Lisa Wagner ist 16, Ruth Uhlmann wird 83 Jahre alt. Als die heutige Realschülerin zur Welt kam, war die Philosophielehrerin, die einst an der Leipziger Uni unterrichtete, schon in Rente. Sie sind quasi Nachbarinnen: Beide wohnen in einem der elf Stockwerke hohen Häuser an der »Straße des 18. Oktober« in Leipzig, die viele nur »Messemagistrale« nennen. Dennoch leben sie im Alltag in verschiedenen Welten: die junge Frau in einer, die sich um Musik, Kumpels, den Kicker und - unumgänglich - die Schule dreht; die Rentnerin in einer, in der viel Zeit für Lesungen, Musikveranstaltungen und Politik bleibt, die auch davon geprägt ist, dass Kräfte nachlassen und Beschränkungen in Kauf zu nehmen sind. Uhlmann geht nur langsam am Stock durch den Flur, der den Kickerraum und das Zimmer der Skatfreunde verbindet.

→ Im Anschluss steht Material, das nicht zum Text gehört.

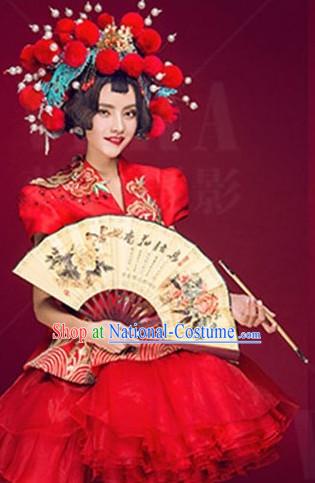 Traditional Chinese Opera Hat Hair Jewelry Hairpieces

Hier aber treffen sie sich: im Haus des Leipziger »Bürgervereins Messemagistrale«. Ein äußerlich nüchterner Flachbau zwischen hohen Wohnblocks, der ursprünglich eine technische Funktion hatte: »Das war eine Wärmeumformstation«, sagt Bärbel Dittrich, die Vizechefin des Vereins. Auf alten Fotos sind dicke Rohrleitungen und große Pumpengehäuse zu sehen, die in den Räumen bis zur Decke reichten. Sie sorgten dafür, dass die Fernwärme auch in den obersten Etagen der Häuser ankam, die ab Ende der 1960er Jahre zwischen Bayerischem Bahnhof und dem Areal der Messe errichtet und von vielen jungen Familien mit vielen Kindern bezogen wurden. Dittrich zog im Januar 1971 ein. Sie sei, sagt die einstige Lehrerin für Geschichte, Deutsch und Staatsbürgerkunde augenzwinkernd, »quasi eine Ureinwohnerin«.

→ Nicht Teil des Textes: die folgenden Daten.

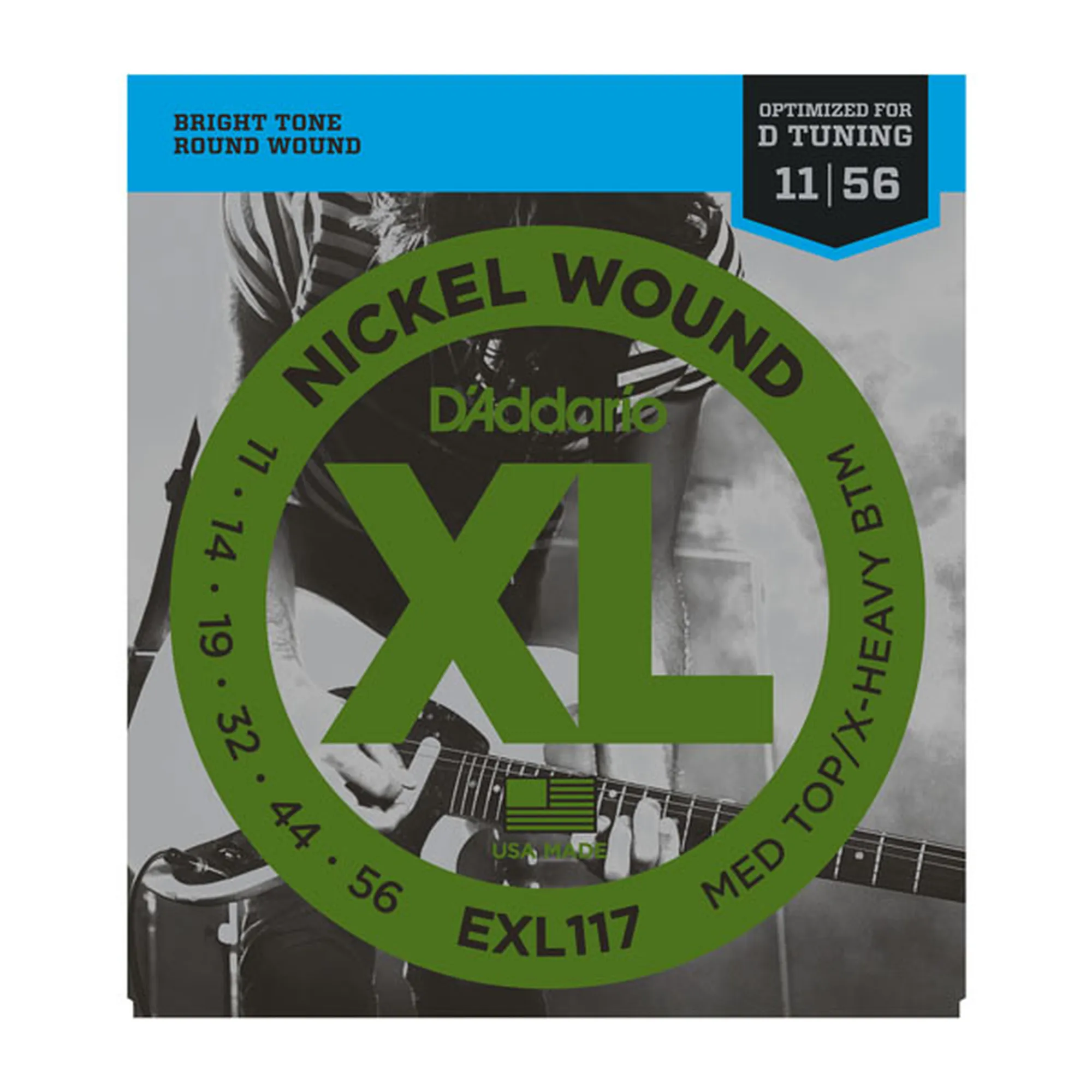 Vorderes Coverbild D´Addario EXL117 Medium Top/Extra Heavy Bottom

Um die Wohnhäuser zu beheizen, wird die Umformstation nicht mehr benötigt. Gebraucht wird sie freilich für einen anderen Zweck, der, so könnte man sagen, auch mit Wärme zu tun hat, allerdings nicht im physikalischen, sondern im sozialen Sinn. Es geht um Gemeinschaft, Nähe, Zusammenhalt. Im Viertel wohnen heute viele Rentner: Menschen, die vor mehr als 40 Jahren zur gleichen Zeit eingezogen und zusammen älter geworden sind, wie Dittrich sagt. Zudem aber sind in den vergangenen Jahren wieder junge Familien zugezogen, von denen viele in alles andere als begüterten Verhältnissen leben müssen. »Die Kinder und Jugendlichen, die zu uns kommen, stammen zu 70 Prozent aus sozial schwachen Familien«, sagt Uta Knospe, die beim Verein formal als Leiterin des Jugendclubs beschäftigt, eigentlich aber wohl eine Art gute Seele des gesamten Hauses ist. Sie kann zudem Statistiken zum Sozialraum quasi aus dem Effeff hersagen und berichtet, dass der Kiez mit 41,9 Prozent den höchsten Anteil an ausländischen Einwohnern in Leipzig habe. Dafür sorgen die Studenten, die in Wohnheimen gleich um die Ecke untergebracht sind, aber auch Familien von Zuwanderern - und Asylbewerber, die seit vorigem Jahr in der ehemaligen Schule gleich neben dem Gebäude des Bürgervereins leben.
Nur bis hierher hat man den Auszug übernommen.